The analysis revealed that the C-S constitutive model predicted a higher occurrence of an overall collapse of the net shell under vertex shock compared to the J-C, MJ-C, and MxJ-C constitutive models. Additionally, the C-S constitutive model provided a better prediction of the degree of net shell failure. The MJ-C and MxJ-C constitutive models accurately predicted the failure mode of the net shell, while the MxJ-C constitutive model indicated an earlier occurrence of instantaneous break-mode destruction than the J-C constitutive model. Based on the analysis of typical examples, it was observed that the C-S constitutive model predicted more significant impacts, higher shell energy, more considerable deformation, and a higher proportion of overall collapse. Therefore, the application of the C-S constitutive model is discouraged in scenarios with high impact intensity, while the MJ-C and MxJ-C constitutive models were recommended for numerical simulations of net shell impact resistance.

(3)

A comparison of the impact failure mode distributions of Q235B, Q355B, and Q460D steel revealed that, at lower impact momentums, when the structural steels Q235B and Q355B yielded percentages of 21.1% and 17.8%, respectively, the impact did not penetrate the net shell. The higher yield strength of the steel led to more significant damage. In the case of instantaneous burst shell, the respective proportions for Q235B, Q355B, and Q460D steels were 7.8%, 10%, and 12.2%. When the impact momentum was high, there was sufficient energy to penetrate the net shell instantaneously, and improving the yield strength of the steel did not reduce the degree of net shell damage.

(4)

Analysis of the impact dynamic response parameters of Q235B, Q355B, and Q460D steel mesh shells revealed the following law attributed to the influence of the material on the impact failure mode of the mesh shell structure. The higher the yield strength of the mesh shell steel, the enhanced its capacity to withstand ultimate stress. When the impact material possessed sufficient energy to instantly penetrate the mesh shell, improving the yield strength of the mesh shell steel did not reduce the damage degree. Furthermore, based on the analysis of typical examples, it was observed that the higher yield strength of the mesh shell steel resulted in a longer penetration time, increased absorption of impact energy by the mesh shell, and a higher number of hollow rings in the net shell structure.

(5)

Under the action of vertex impact, the proportion of the overall collapse of the net case constructed with the 6061-T6 aluminum alloy was higher than that of the Q235B steel. Moreover, the net case constructed with the 6061-T6 aluminum alloy experienced an instant fracture and punching damage earlier than that of the Q235B steel. The analysis of typical examples unveiled that because the 6061-T6 aluminum alloy was brittle material, there was no evident yield stage and strengthening stage, with the strain rate effect being less pronounced than that of the Q235B steel. Under the same impact action, the 6061-T6 aluminum alloy mesh shell was more prone to fracture than the Q235B steel, and breaking-through type damage and punching damage manifesting at earlier stages.
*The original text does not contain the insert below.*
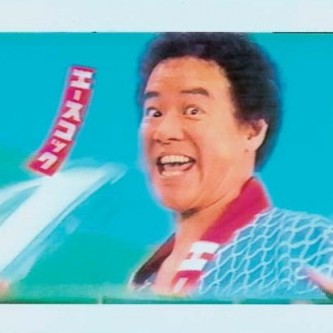 F_Hiroshi's avatar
In this study, the influence of the material on the impact dynamic response of the spherical mesh shell was explored, and other types of mesh shells can be studied in the future. In addition, the loading mode of the mesh shell can be a single impact of the vertex, and future investigations can focus on the impact dynamic response of different materials during the multi-point continuous impact scenarios, such as those encountered in aircraft impacts.